Quais destes desafios o Instituto C&A elegeu como urgente?

Giuliana Ortega – Entendemos que todos têm a sua importância. Por isso, acreditamos que é preciso desenvolver um trabalho em conjunto com atores do setor, como marcas, organizações sociais e inovadores. Pensando nisso, nossas ações são estruturadas em quatro programas. São eles: incentivo ao algodão sustentável; direitos humanos e trabalho; moda circular; e fortalecimento de comunidades.

Como este tema é trabalhado pelo Instituto? Quais ações desenvolvidas?

Giuliana Ortega – O Instituto C&A está em busca de uma indústria da moda mais justa e sustentável, em que todas as trabalhadoras e trabalhadores possam prosperar e ter vidas mais dignas e justas. Pensando nisso, oferecemos apoio técnico e financeiro, trabalhamos em rede e fortalecemos nossos parceiros. As ações do Instituto concentram-se em quatro frentes de trabalho: 

(1) Incentivo ao algodão sustentável: trabalhamos para que pequenos agricultores e comunidades agrícolas prosperem e tenham vidas mais dignas e justas, além de contribuir para a conservação do meio ambiente; 

(2) Moda circular: incentivamos a transição para a economia circular na moda, fomentando e dando escala a soluções inovadoras; 

(3) Direitos Humanos e Trabalho: buscamos uma cadeia de fornecimento mais transparente, em que os trabalhadores e trabalhadoras da indústria da moda tenham condições de trabalho dignas e exerçam sua voz. Além disto, atuamos para a erradicação do trabalho escravo e infantil; 

(4) Fortalecimento de comunidades: apoiamos a construção de comunidades resilientes em regiões onde a cadeia da moda tem uma presença relevante, promovendo a participação de voluntários da C&A em ações comunitárias e em ações de prevenção de ajuda humanitária.

Quais os resultados obtidos até o momento?

Giuliana Ortega – Desde 2015, quando passamos a atuar globalmente direcionados para a transformação da indústria da moda, já investimos 120 milhões de euros e beneficiamos 200 mil pessoas globalmente. Temos visto também um crescimento do interesse do setor por um modelo mais sustentável de atuação. 

Na sua opinião, quais serão os principais desafios que a cadeia da moda enfrentará nos próximos anos e como as empresas brasileiras precisam se preparar? 

Giuliana Ortega – Certamente, a questão da transparência veio para ficar. As empresas terão que se adaptar e estar muito mais abertas a abrir informações sobre sua cadeia de fornecimento, sobre as condições de trabalho das fábricas e as ações que estão tomando para melhorá-las.

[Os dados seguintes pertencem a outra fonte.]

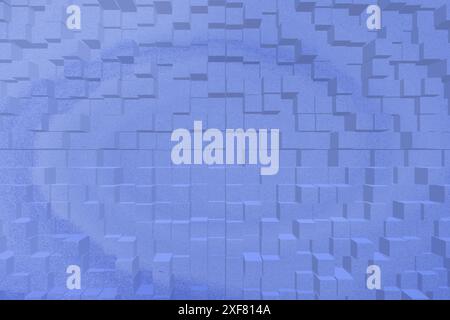 Abstract 3d square pixel geometric background or cube pattern. Spectacular blue embossed cubes extruded into an abstract background cube texture. Stock Photo
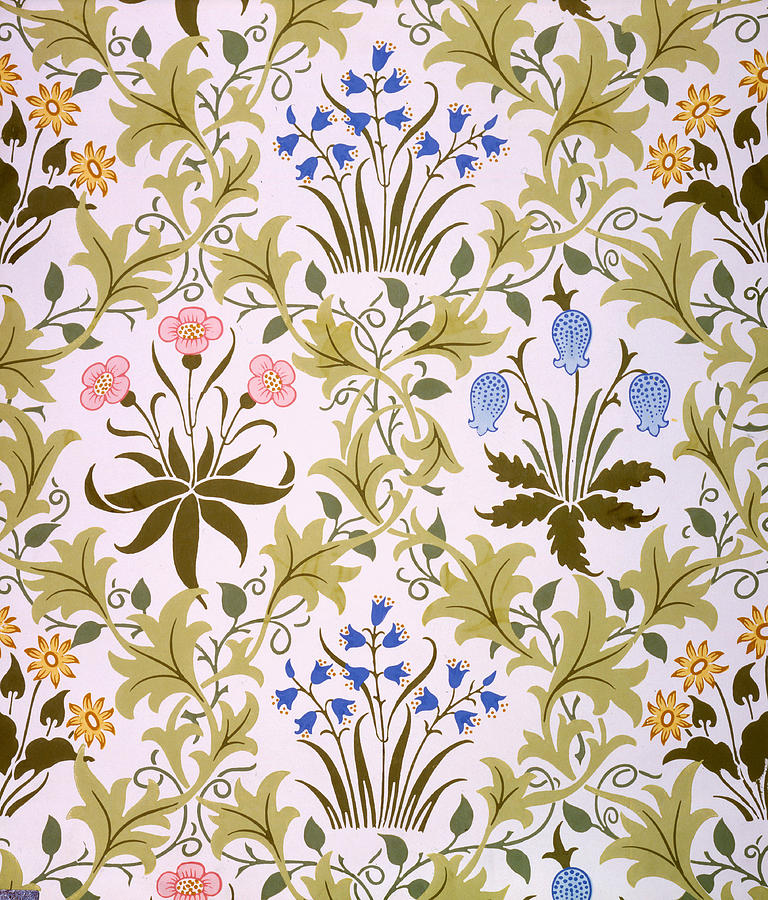 Pattern Painting - Celandine Wallpaper Design by John Henry Dearle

Também acredito que as questões ambientais devem estar cada vez mais no radar das grandes empresas do setor. O incentivo ao algodão mais sustentável, a busca por matérias-primas de menor impacto ambiental, o uso mais eficiente da água, a gestão dos resíduos e a eliminação de químicos perigosos nos processos produtivos são alguns dos exemplos.

Finalmente, vejo uma grande oportunidade de desenvolvimento da moda circular no país. Ela abre um convite às empresas para que repensem os seus produtos, buscando materiais mais sustentáveis e processos de produção inovadores, que aliem tecnologia a sustentabilidade. A economia circular também abre espaços para que as empresas testem novos modelos de negócios, que podem ser tão ou mais lucrativos que os modelos vigentes.